From a side project James started in 2015, this taste-bud-tingling business is now the couple’s full-time job. They even walked away with first place at the Central heat of the British Street Food Awards back in June, championed by the all-important People’s Vote. The next stop for the couple? Manchester, where they will go head to head with the country’s leading innovators of food at the British Street Food Awards in September. After that, they hope to get themselves a set of wheels and turn their humble food stand into a rocking food truck.
The English Indian is a roaring success thanks to the passion of its owners, the enthusiasm of its customers and the smooth running of its day to day sales. With Square, they found that taking card payments didn’t have to mean taking time away from their foodie passions.
No Bad Aftertaste
Anna and James signed up to Square after running their business as a cash-only venture. Unsurprisingly, they found cash to be a less than ideal route for a burgeoning business. With ever-increasing admin and trips to the bank after a busy day of serving hungry punters, they needed a change. James happily reflects, “The process with Square was seamless, we signed up in one day and the Reader arrived two days later.”
The addition of Square to their daily transactions has transformed the way they work and taken away the worry of hunting down every last penny.
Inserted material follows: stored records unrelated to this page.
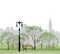 Bench and streetlight in park over city background.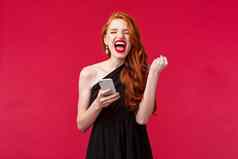 肖像成功的很高兴幸运的红色头发的人女孩赢得收到伟大的新闻消息礼物泵冠军尖叫并黑色的优雅的衣服红色的背景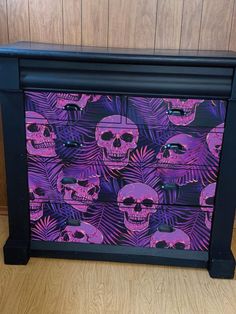 a purple and black dresser with skulls on it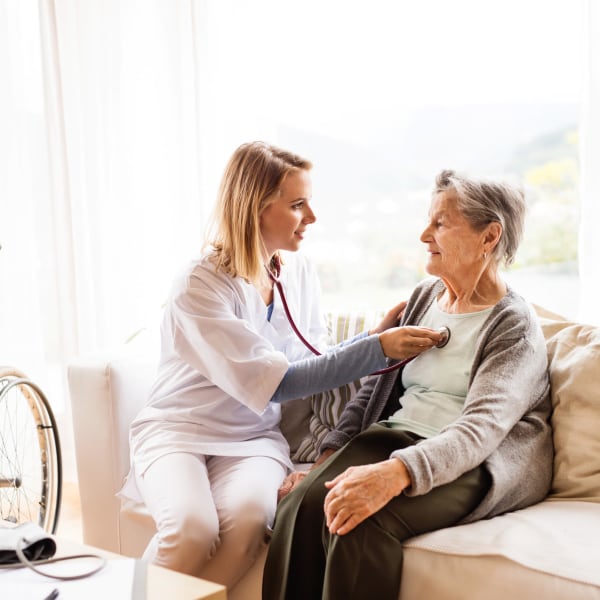 Onsite nurse listening to the heartbeat of a resident at Quail Park of Lynnwood in Lynnwood, Washington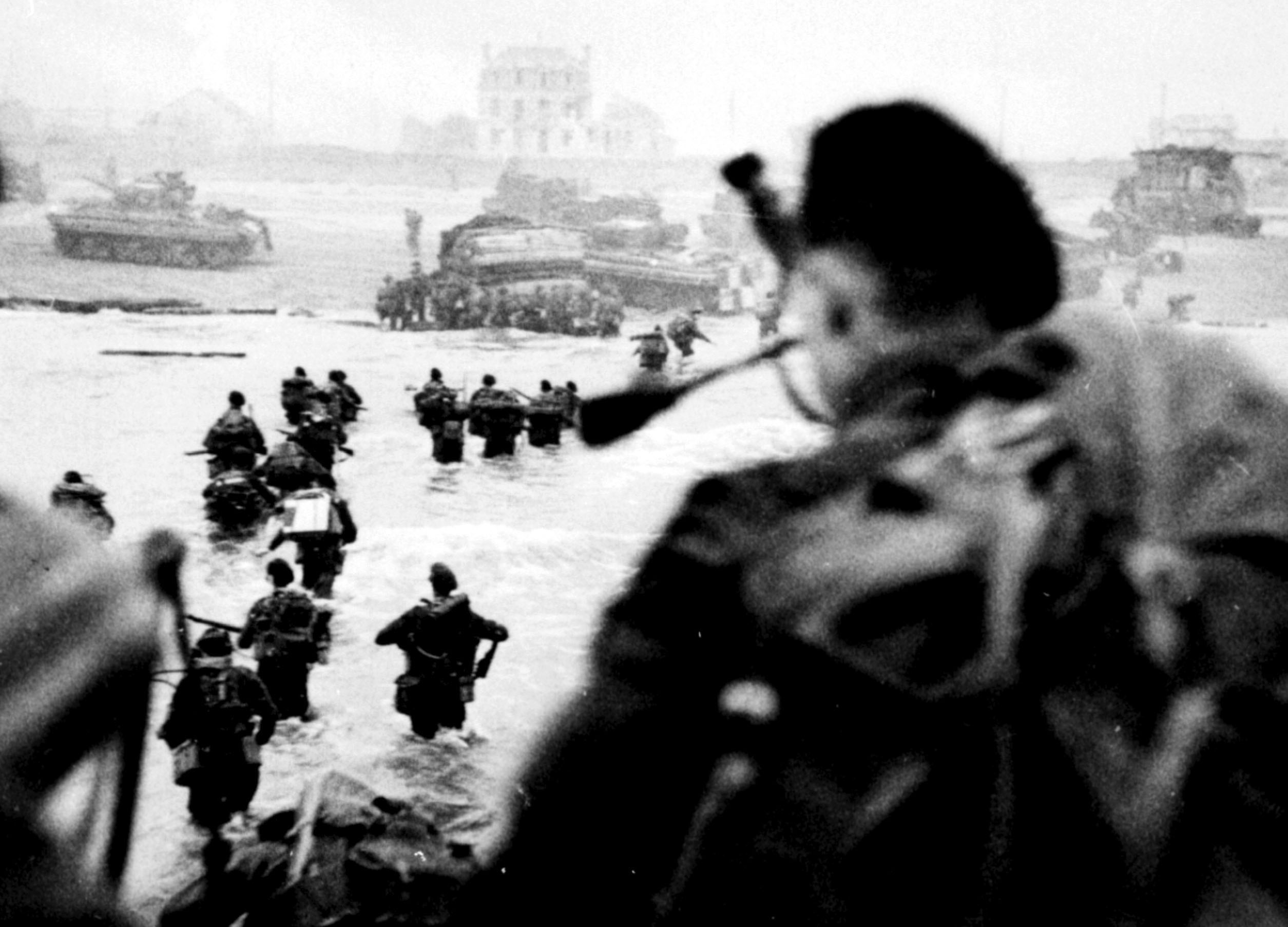 Allied troops charge ashore along stretch of Normandy coast on D-Day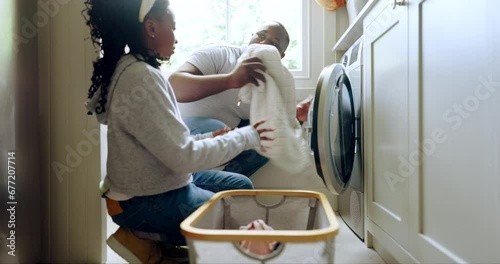 Laundry, washing machine and a father in the home with his girl child for spring cleaning or housework together. Black family, a man and daughter in a washroom for a housekeeping or chores routine photo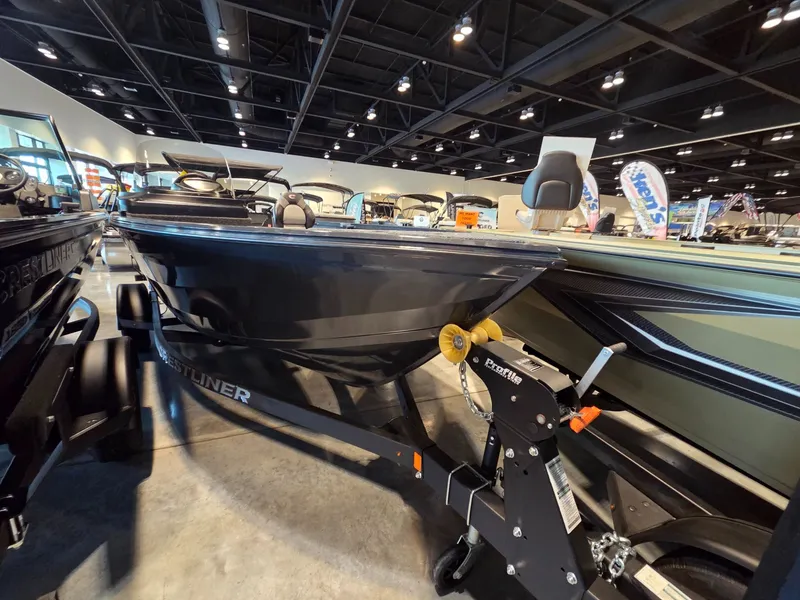 Slide: The Image of 2026 Crestliner 1850 Kodiak SC boat in showroom. - 4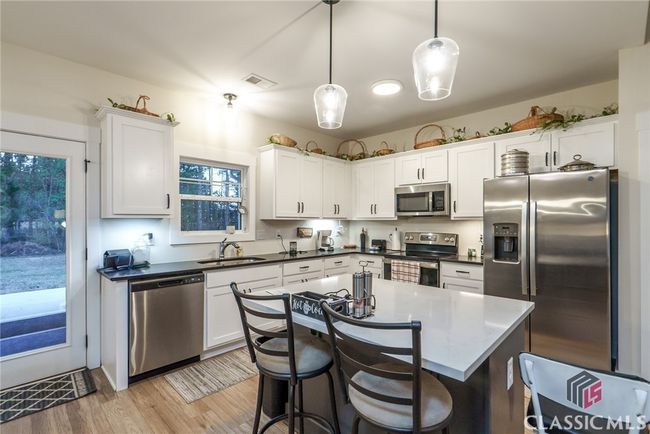 5761 W Dixie Hwy, House other with 4 bedrooms, 3 bathrooms and 4 parking in Rutledge GA | Image 13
Their money is safe, secure and where they need it to be, “We always receive our money the next working day after transactions are taken, instead of having to wait almost a week as with other companies in our previous businesses.”
And it’s not just the people behind the counter of The English Indian who have fallen in love with Square, the customers on the other side enjoy the convenience of paying by card, and as James says, the Square reader makes a great impression, “The customers love it too – it’s always great seeing the look on their faces when being presented with the Square reader or iPad screen.”
Spicing Up Payments
James and Anna aren’t newcomers to owning a business. Before The English Indian they ran a clothes shop, and since growing from a one-manned tandoori oven in their back garden, The English Indian has enjoyed stints as a pub curry night, a traveling pop-up and is now an ordained member of the Digbeth Dining Club, whose market events sees the couple serve up to 300 servings on market days.
With an increasingly impressive portfolio of events, locations and happy diners, The English Indian is becoming something of a trailblazer in the foodie arena, not least because of their secret weapon: Square. James remains shocked that other food vendors haven’t recognised the transformative power of a card reader,
“We’re always being told that we are the only company at food festivals taking card, which we can’t understand as it is cheaper and easier using Square than it is to deposit cash.” Has it all been smooth sailing? Yes, in fact, as James cheerfully concludes, “We haven’t had any problems at all.”
And when the last helping is served and the washing up is done for the last time? Anna and James say they’re heading to the country that started it all, to retire in India.